9.1.1
Technical character of the invention 

In order to be patentable, the subject-matter claimed must therefore have a "technical character" or to be more precise - involve a "technical teaching", ie an instruction addressed to a skilled person as to how to solve a particular technical problem using particular technical means (T 154/04, OJ 2008, 46). Having technical character is an implicit requisite of an "invention" within the meaning of Art. 52(1) EPC 1973 (requirement of "technicality"). Art. 52(2) EPC 1973 does not exclude from patentability any subject matter or activity having technical character, even if it is related to the items listed in this provision since these items are only excluded "as such" (Art. 52(3) EPC 1973) (T 154/04, OJ 2008, 46). Technical character results either from the physical features of an entity or (for a method) from the use of technical means. While an invention as a whole may possess technical character, it may nevertheless legitimately include both technical and non-technical features (T 641/00, OJ 2003, 352, T 1543/06). Decisive for the presence of a (potentially patentable) invention is the inherent character of the claimed subject-matter (T 154/04).

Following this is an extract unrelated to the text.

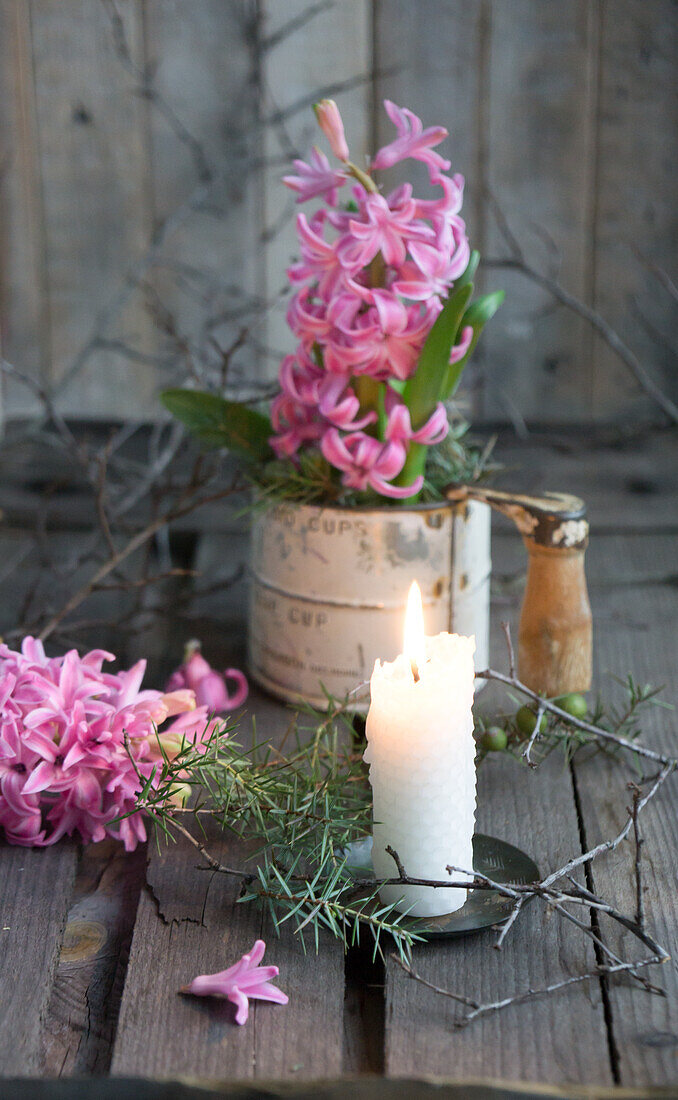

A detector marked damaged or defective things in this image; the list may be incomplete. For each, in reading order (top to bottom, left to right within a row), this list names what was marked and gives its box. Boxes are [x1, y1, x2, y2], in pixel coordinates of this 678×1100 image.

rusty tin container [246, 501, 490, 712]
rust spot on tin [60, 919, 107, 963]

The case law identifies the requirement of technical character as separate to and independent of the remaining requirements of Art. 52(1) EPC 1973, in particular novelty and inventive step, compliance with which can therefore be assessed without having recourse to the prior art (T 154/04). The legal definition of Art. 56 EPC is to be put into context with the remaining patentability requirements of Art. 52 to 57 EPC these articles implying the general principles that patents shall be available for inventions in all fields of technology and that technical character is a sine qua non for an invention within the meaning of the EPC (T 931/95, OJ 2001, 441; T 935/97, T 1173/97, OJ 1999, 609; T 641/00, OJ 2003, 352; T 914/02, T 154/04, OJ 2008, 46, T 1227/05, OJ 2007, 574). According to T 208/84 (OJ 1987, 14), one indication of technical character is that the method has an overall technical effect, such as controlling some physical process (see also T 313/10). Thus, following T 258/03, an invention claiming technical aspects possesses overall technical character, even if it is "mixed" (with both technical and non-technical aspects) (T 859/07, T 188/11, T 414/12, T 1331/12).

In T 914/02 the board held that the involvement of technical considerations is not sufficient for a method which may exclusively be carried out mentally to have technical character. Technical character may be provided through the technical implementation of the method, resulting in the method providing a tangible, technical effect, such as the provision of a physical entity as the resulting product or a non-abstract activity, such as through the use of technical means. The board rejected a claim directed to an invention involving technical considerations and encompassing technical embodiments on the grounds that the invention as claimed could also be exclusively performed by purely mental acts excluded from patentability under Art. 52(2)(c) EPC (see T 619/02, OJ 2007, 63; T 388/04, OJ 2007, 16).

In T 388/04 (OJ 2007, 016) the board took the view that subject-matter or activities that are excluded from patentability under Art. 52(2) and (3) EPC 1973 remain so even where they imply the possibility of making use of unspecified technical means.

The issue of technical character is analysed in detail in Chapter I.A.1.1 "Technical character of an invention".